Este artigo não tem a pretensão de esgotar o assunto, tampouco conferir-lhe contornos doutrinários. Busca apenas oferecer modesta contribuição no sentido de oportunizar aos operadores do Direito conhecimento mais estratificado sobre a mesorregião Oeste do Estado da Bahia, por meio de breve relato histórico e enfoques jurídicos pontuais.

Este desiderato tem por escopo retirar da obliquidade assunto que exsurge daquela região como interesse local para refletir-se no campo do interesse nacional, na medida em que o Oeste da Bahia desponta como uma das mais prósperas e produtivas regiões agrícolas do país.

Tal situação acaba por atrair não só os benefícios do desenvolvimento, mas também os seus perigos, que se materializam, principalmente, na figura dos grileiros de terras, que se utilizam de métodos inescrupulosos para alcançarem sua pretensão, causando instabilidade social e enorme insegurança jurídica.

Destarte, na certeza de que a informação e o conhecimento corretos ainda são os caminhos seguros para alcançar o equilíbrio social, a justiça e a verdadeira democracia, lançamos nossa pequena contribuição na esperança de fortalecer a voz no coro dos bons.

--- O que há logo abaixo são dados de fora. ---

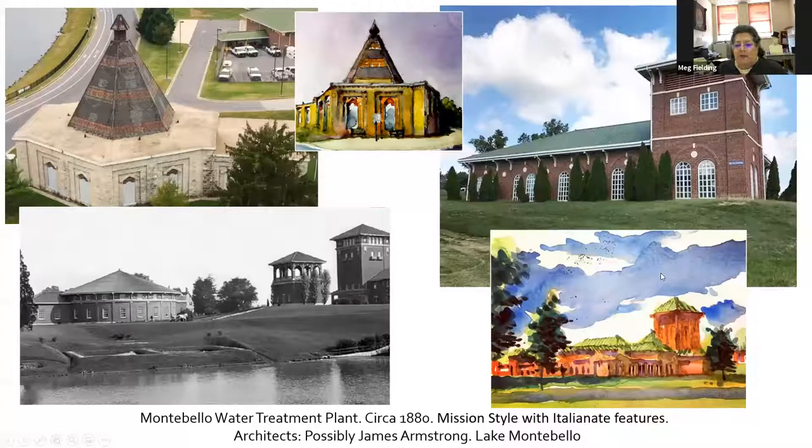This is the Montebello water treatment plant, started in about 1880. It's mission style with Italianate features. The architects — there were a number of them over the years, possibly James Armstrong. The reservoir is mostly on the east side of Hillen Road with some smaller buildings, and on the west side of Hillen Road there are larger buildings. This round building was built in the 1920s, but then it was demolished in the 1960s because from the moment they built it, it never actually worked as intended — it had leaks and a lot of problems. But I look at this building and think it would make the best residence. If you go over there, the buildings are in three different places, but I think they're just great buildings.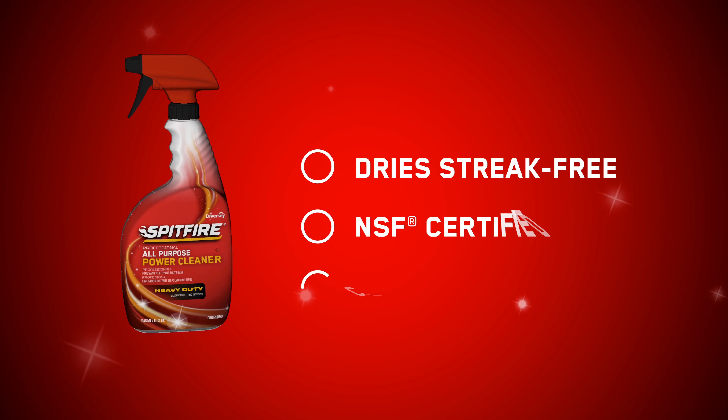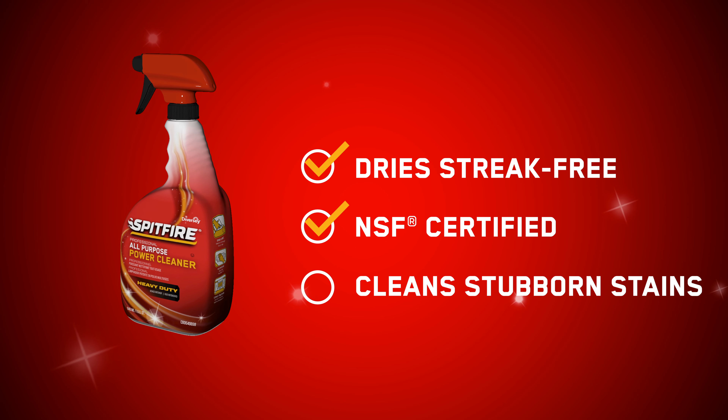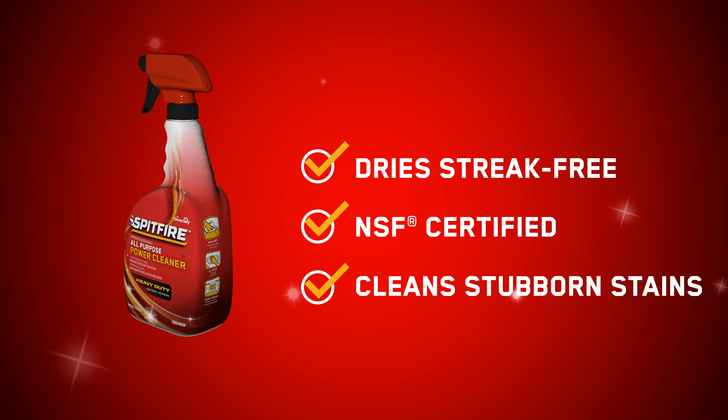The no-rinse solvent-based degreaser dries streak-free, is NSF-certified for use in food prep environments, and removes stubborn stains other cleaners can't.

2. Início da colonização brasileira

O território brasileiro como hoje o conhecemos passou por uma série de transformações desde o período colonial até o momento hodierno. Sua estrutura inicial baseou-se nas Capitanias Hereditárias e Sesmarias, responsáveis por alicerçar todo o arcabouço territorial nacional. Entendamos.

2.1 Capitanias Hereditárias

As Capitanias Hereditárias se traduzem como o sistema administrativo implementado na década de 1530 pelos portugueses em sua colônia na América, com o intuito de organizar a ocupação territorial e consequente colonização, com base na experiência anteriormente realizada na Ilha da Madeira, em Cabo Verde e no Arquipélago dos Açores. Essencialmente, eram constituídas por faixas de terra que se estendiam da costa marítima para o interior até o limite da linha divisória instituída pelo Tratado de Tordesilhas, cuja posse era transmitida de forma hereditária.

Escolhido dentre os integrantes da baixa nobreza, o donatário, nome conferido aos beneficiários das Capitanias Hereditárias, tinha a obrigação de administrar, povoar, desenvolver e dar proteção ao seu território, sem qualquer tipo de auxílio financeiro proveniente da Coroa Portuguesa.

Os donatários detinham a autoridade máxima da Capitania, cujo controle estruturava-se juridicamente em dois títulos: Carta Foral e Carta de Doação, que, dentre outras coisas, conferiam-lhe a posse da terra, o direito de cobrar tributos e também o direito de doar glebas de terras virgens, as chamadas Sesmarias.

2.2 Sesmarias

Do ponto de vista jurídico, a Lei das Sesmarias estabeleceu o marco legal da criação deste sistema, cujo objetivo primordial era incentivar o desenvolvimento agrícola. Aquela norma estatuída previa que o dono de terra que dela não se utilizasse fazendo-a produtiva
teria sua gleba repassada a outro proprietário que tivesse o real interesse em desenvolver o seu cultivo.

Interessante enfatizar que, naquela época, o direito de propriedade sobre as Sesmarias era materializado por meio de registros públicos junto às paróquias locais. Isto se dava em face de terem elas um caráter oficial adstrito ao Estado, sendo responsáveis não só pela lavratura dos registros de terras, mas também das certidões de nascimento, casamento, dentre outras.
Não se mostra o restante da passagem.